My first neural network classifier, statue or painting?

View On GitHub View On Colab

Recently I decided to learn deep learning and the math behind the training process and I’d like to summarize what I’ve learned so far by writing a simple but efficient classifier, a neural network capable to tell if an image contains a painting or a statue.

The code uses FastAI deep learning library, mainly because of their motto FASTAI: Making neural nets uncool again and I used Colab, a cloud Python editor with GPU support, to write the code.

Table of Contents #

Prepare the dataset #

Last week I went to the Uffizi Museum and I toke some pictures of paintings and statues so I decided to use them as my training data.

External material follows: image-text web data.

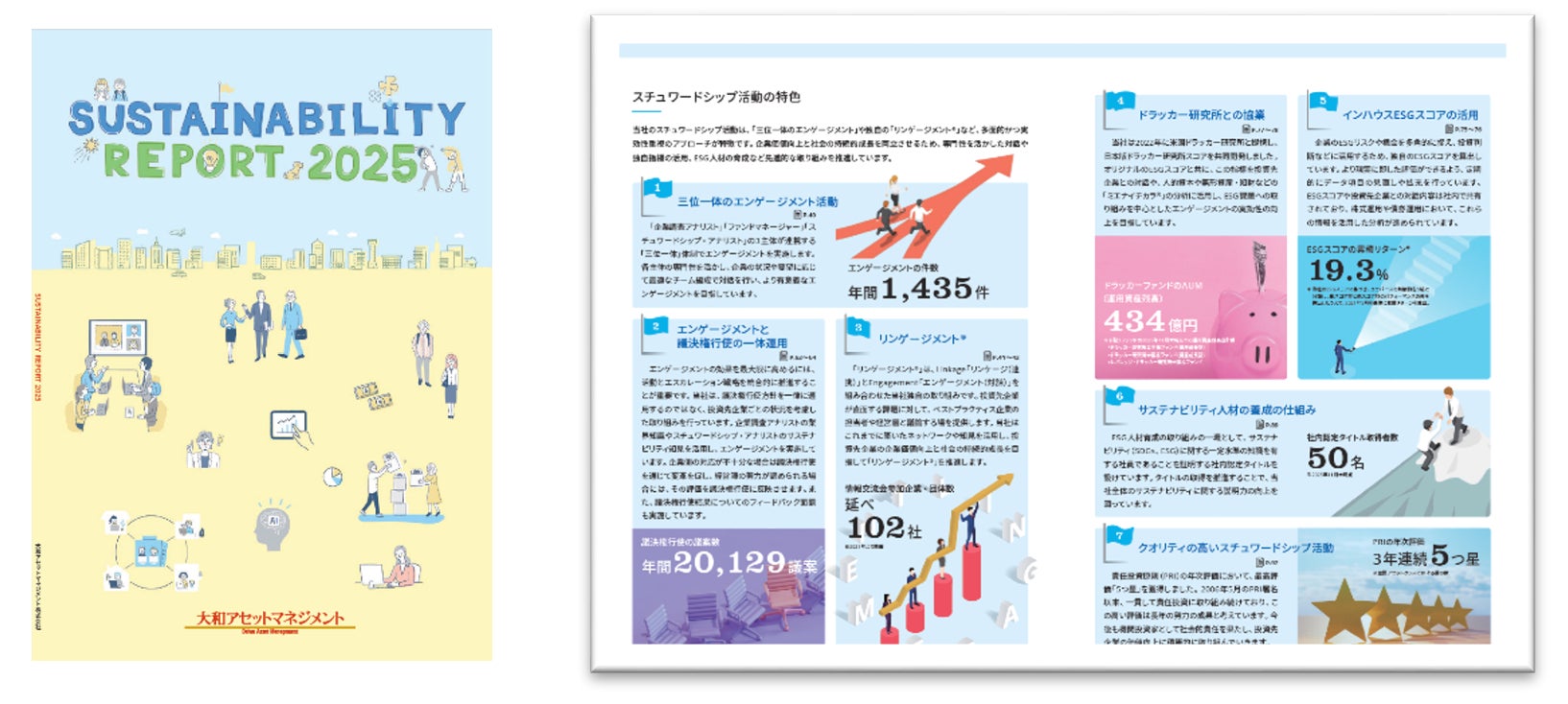 【LENDEX】年利9.5%の不動産担保付きローンファンド 1798号、本日、募集開始のお知らせ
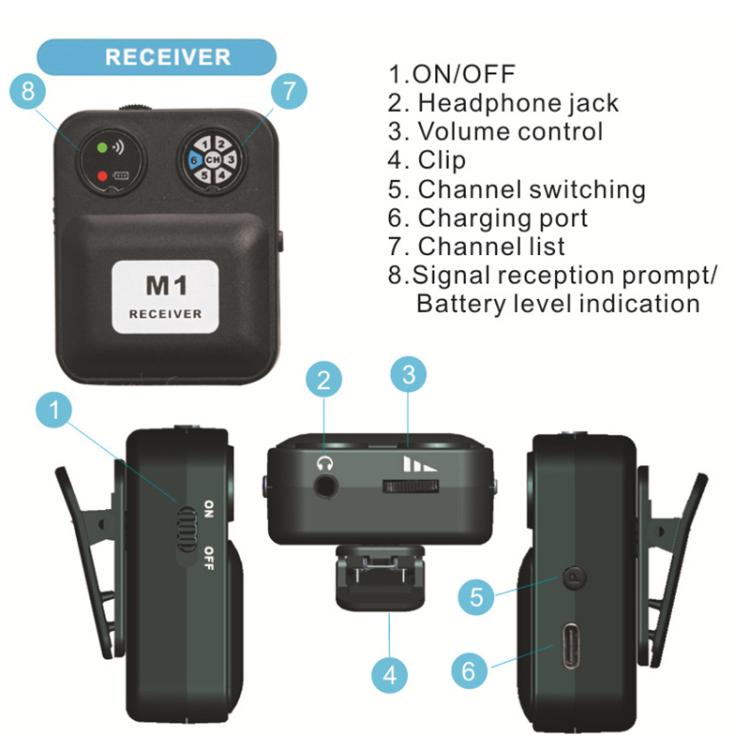 M1 Portable Wireless Monitoring Receiver with Wired Earphones, M1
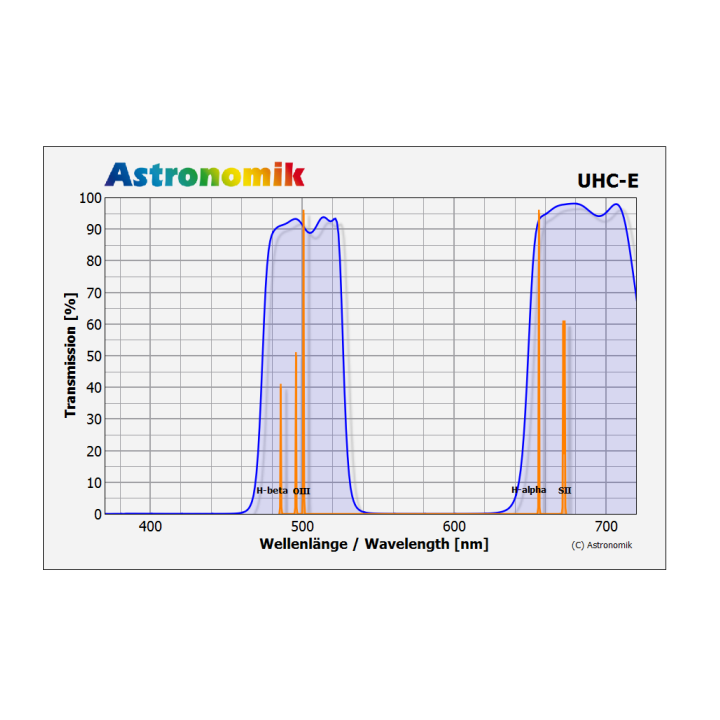 FILTRO ASTRONOMIK UHC-E M77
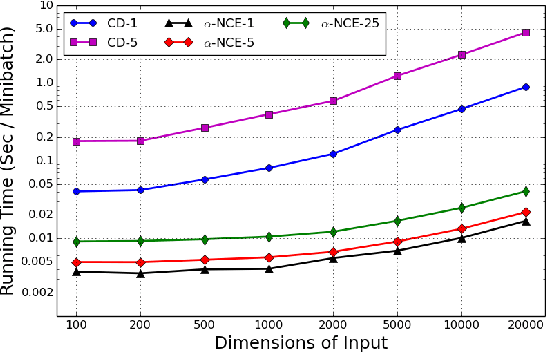 Figure 1 for Efficient Learning for Undirected Topic Models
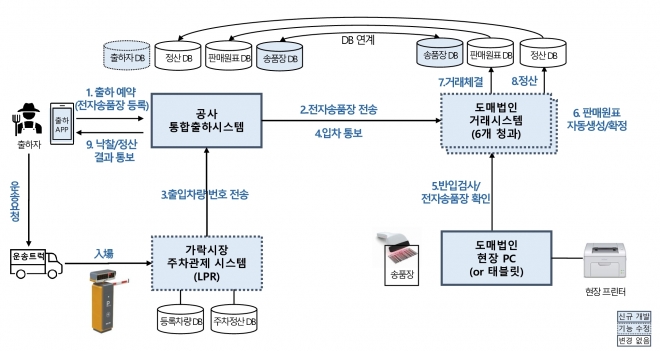 송품장 전자신고제 개요도. 서울시농수산식품공사 제공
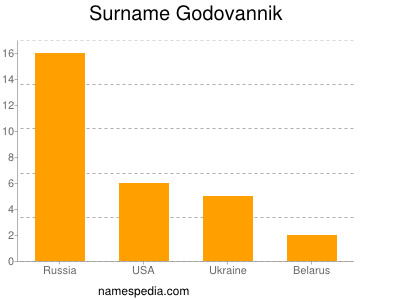 Familiennamen Godovannik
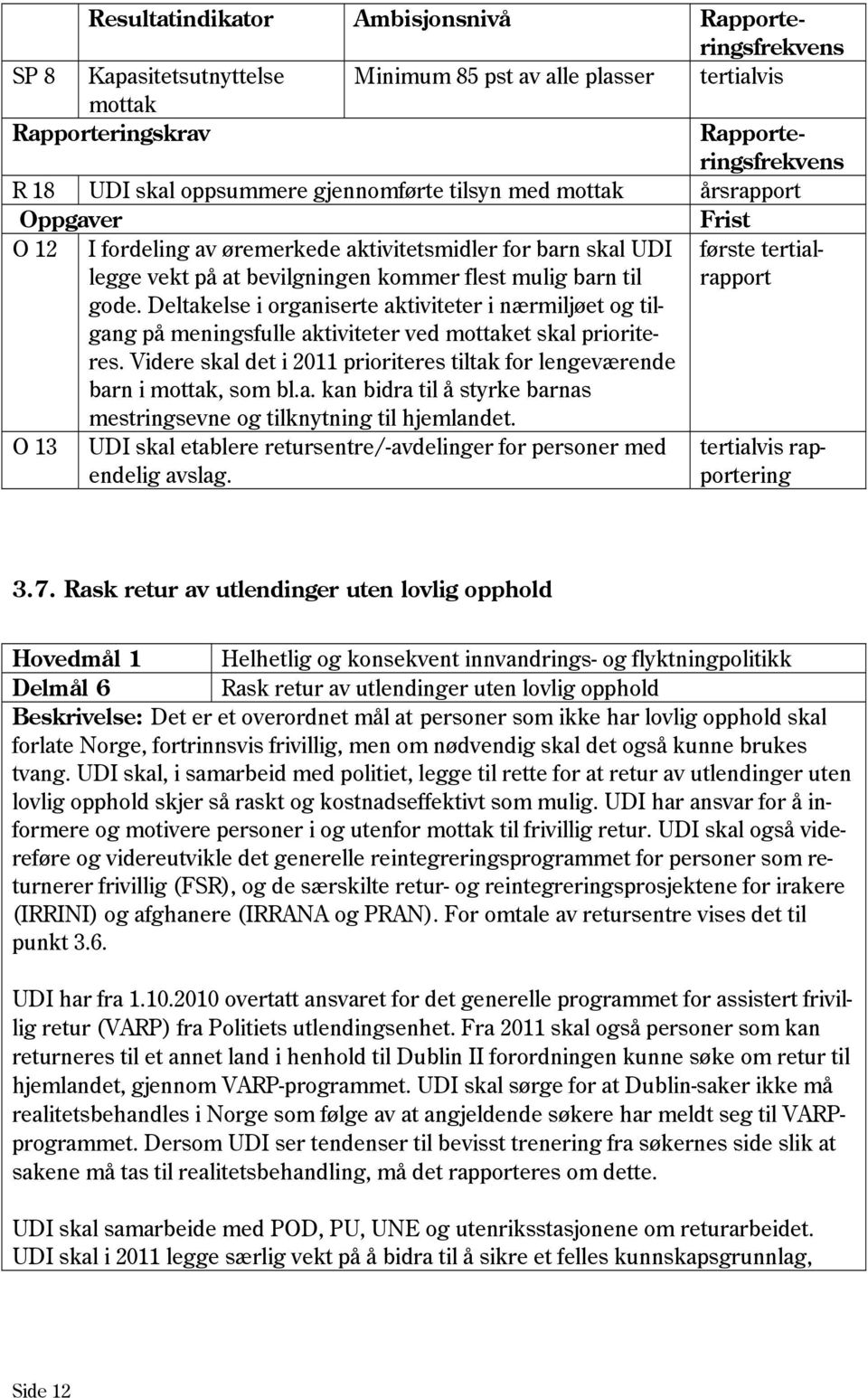 Deltakelse i organiserte aktiviteter i nærmiljøet og tilgang på meningsfulle aktiviteter ved mottaket skal prioriteres.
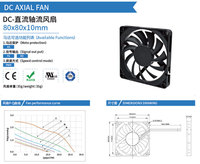Kipas Pendingin DC 5V/12V/24V Rendah Kebisingan 80x80x10mm Ultra Tipis dengan Bantalan Bola Tahan Lama untuk Peralatan Industri yang Tenang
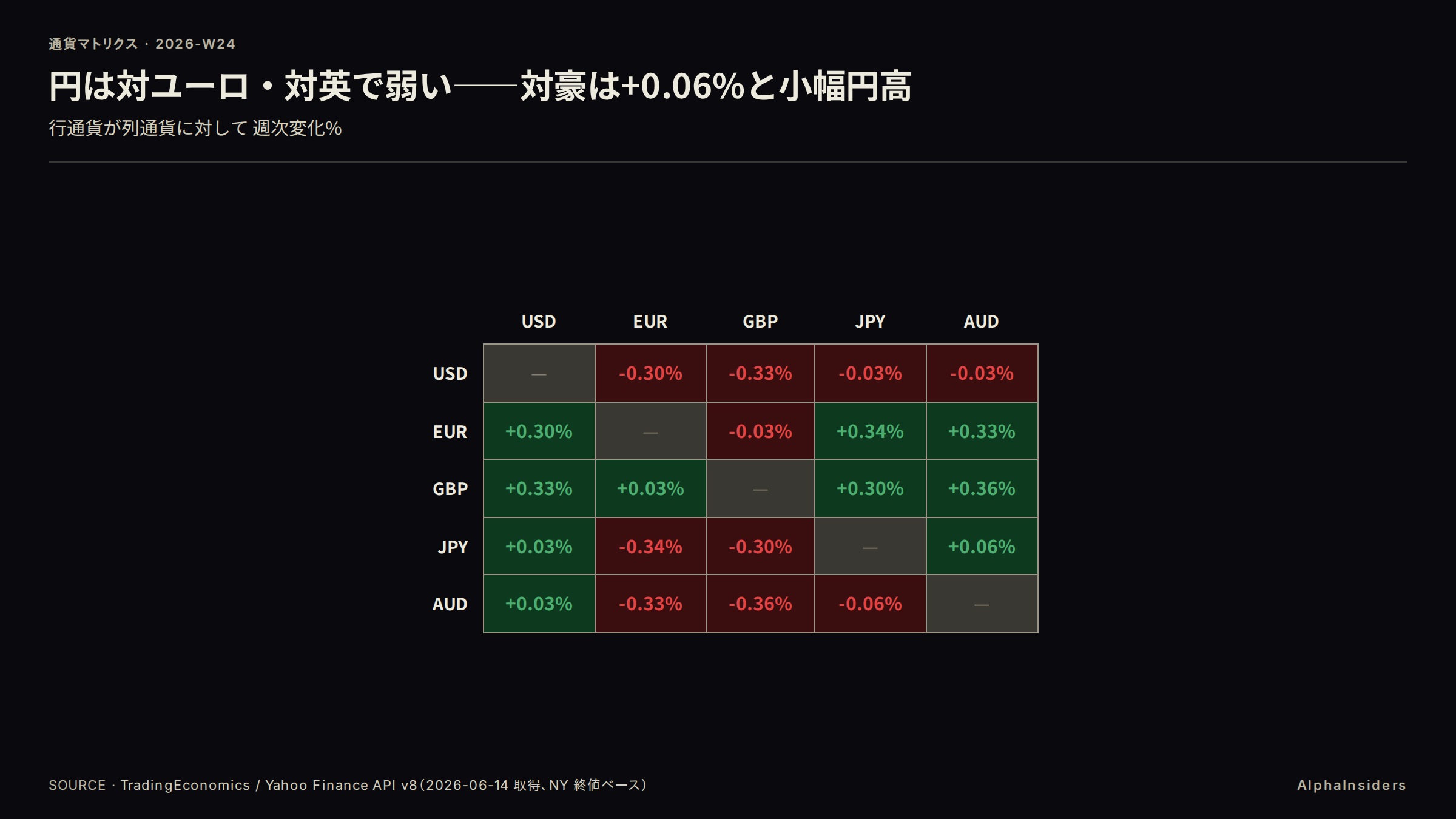 クロス円週次変化: 円は対ユーロ(-0.34%)・対英(-0.33%)で弱く、対豪は +0.06% と小幅円高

I removed the blurred photos and split them into two folders, named paint and statue, the folder name is very important because the training code uses it to label the content.

Install the libraries #

The first lines of code are for installing libraries and importing the necessary modules.

!pip install fastai==2.2.5
!pip install exif

from fastai.data.all import *
from fastai.vision.all import *
from exif import Image as ExifImage

An issue I had is that fastai by default doesn’t rotate the images according to their EXIF metadata so I searched and found a piece of code to rotate the photos in the correct orientation before feeding the neural network with them.

def exif_type_tfms(fn, cls, **kwargs):     
  def get_orientation(fn: (Path, str)):
    with open(fn, 'rb') as image_file:
      exif_img = ExifImage(image_file)
      try:
        return exif_img.orientation.value
      except AttributeError:
        # ignore orientation unset
        return 1
  def f(img, rotate=0, transpose=False):
    img = img.rotate(rotate, expand=True)
    if transpose:
      img = img.transpose(Image.FLIP_LEFT_RIGHT)
    return img

  # Image.rotate will do shorcuts on these magic angles, so no need for any 
  # specific resampling strategy
  trafo_fns = {
    1: partial(f, rotate=0),
    6: partial(f, rotate=270),
    8: partial(f, rotate=90),
    3: partial(f, rotate=180),
    2: partial(f, rotate=0, transpose=True),
    5: partial(f, rotate=270, transpose=True),
    7: partial(f, rotate=90, transpose=True),
    4: partial(f, rotate=180, transpose=True),
  }
  img = cls.create(fn, **kwargs)
  orientation = get_orientation(fn)
  img = trafo_fns[orientation](img)
  return cls(img)

def ExifImageBlock(cls=PILImage):
  """
  if images are rotated with the EXIF orientation flag
  it must be respected when loading the images

  ExifImageBlock can be pickled (which is important to dump learners)
  >>> pickle.dumps(ExifImageBlock())
  b'...
  """
  return TransformBlock(type_tfms=partial(exif_type_tfms, cls=cls), batch_tfms=IntToFloatTensor)

Configure the datasets #

datablock = DataBlock(
    get_items=get_image_files, # how to gather images
    item_tfms=Resize(224), # how to transform images before use them
    blocks=(ExifImageBlock, CategoryBlock), # (input transforms, label transforms)
    get_y=parent_label, # how to label the images
    splitter=RandomSplitter()) # how to get the training dataset

A DataBlock represents a list of instructions used by the network to gather the dataset, label it, transform it, and how to split it into a training dataset and a validation dataset.

The get_image_files function is a utility that grabs all the files in a folder, recursively.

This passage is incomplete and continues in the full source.